:: What you should do ::
Below are entries. Copy exactly the lines running from the line that holds "Black /Black) Skibrille" to the line that holds "Dare2B Striking III Jacket Girls", with both ends included.

:: Given information ::
■ ■ ■
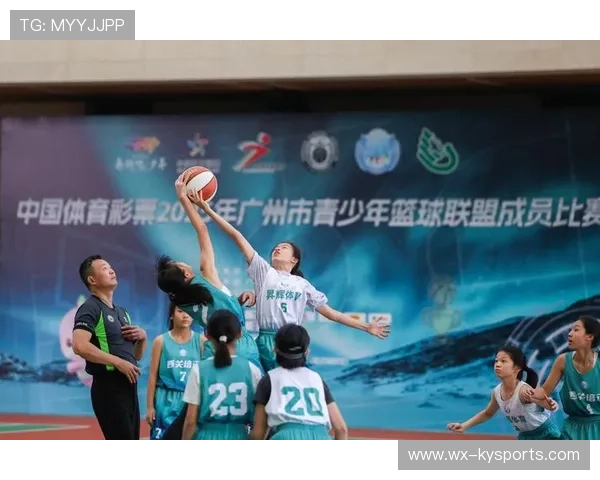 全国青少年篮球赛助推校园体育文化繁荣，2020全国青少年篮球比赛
■ ■ ■
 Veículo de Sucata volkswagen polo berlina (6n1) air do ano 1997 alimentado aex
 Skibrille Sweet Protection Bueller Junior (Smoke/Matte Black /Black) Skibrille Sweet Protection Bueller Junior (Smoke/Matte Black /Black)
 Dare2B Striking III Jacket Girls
■ ■ ■
:: Reply to the exercise ::
 Skibrille Sweet Protection Bueller Junior (Smoke/Matte Black /Black) Skibrille Sweet Protection Bueller Junior (Smoke/Matte Black /Black)
 Dare2B Striking III Jacket Girls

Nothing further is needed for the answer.